→ **YOUR INSTRUCTIONS**
From the listing below, restate word for word the lines from the line containing "Caldenn | Heren" down through the line containing "Jesper Laage Kjeldsen's". Exclude pictures.

→ **DATA LISTING**
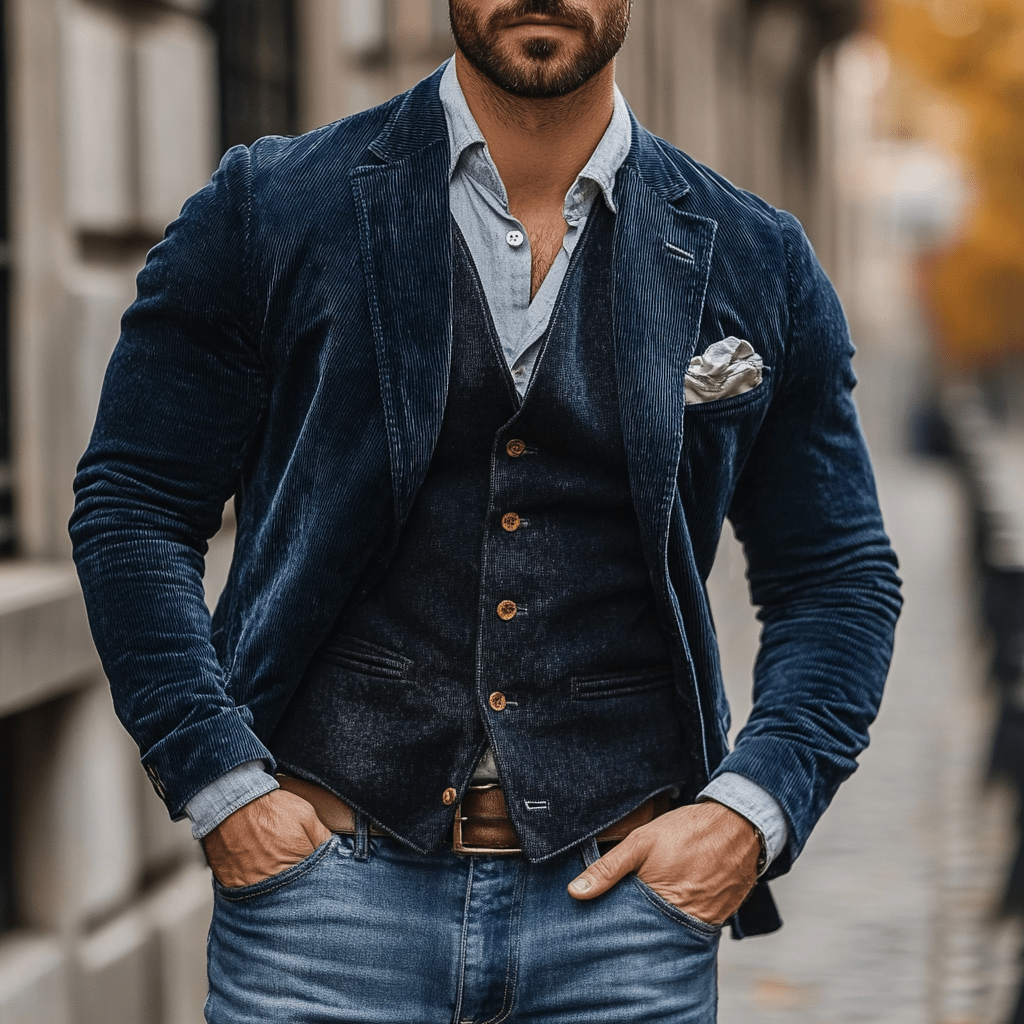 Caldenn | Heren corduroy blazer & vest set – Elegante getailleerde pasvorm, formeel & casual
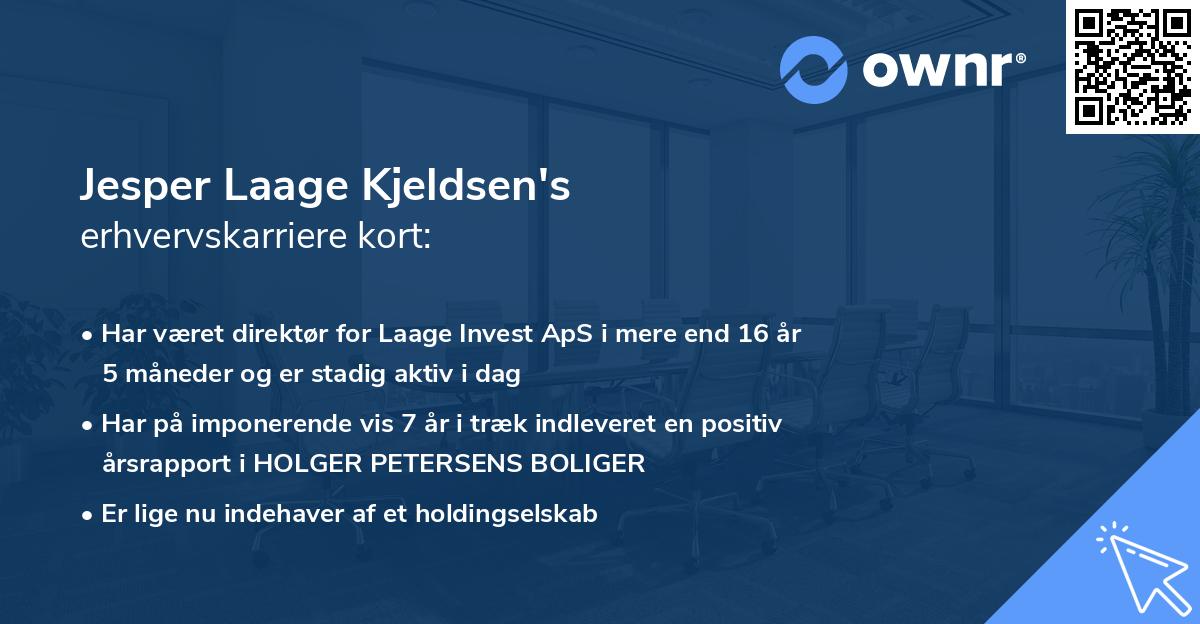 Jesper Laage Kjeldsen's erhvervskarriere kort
* * *
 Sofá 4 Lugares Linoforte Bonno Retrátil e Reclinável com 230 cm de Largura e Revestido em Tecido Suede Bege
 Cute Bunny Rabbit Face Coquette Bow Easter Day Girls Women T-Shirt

→ **TASK RESPONSE**
 Caldenn | Heren corduroy blazer & vest set – Elegante getailleerde pasvorm, formeel & casual
 Jesper Laage Kjeldsen's erhvervskarriere kort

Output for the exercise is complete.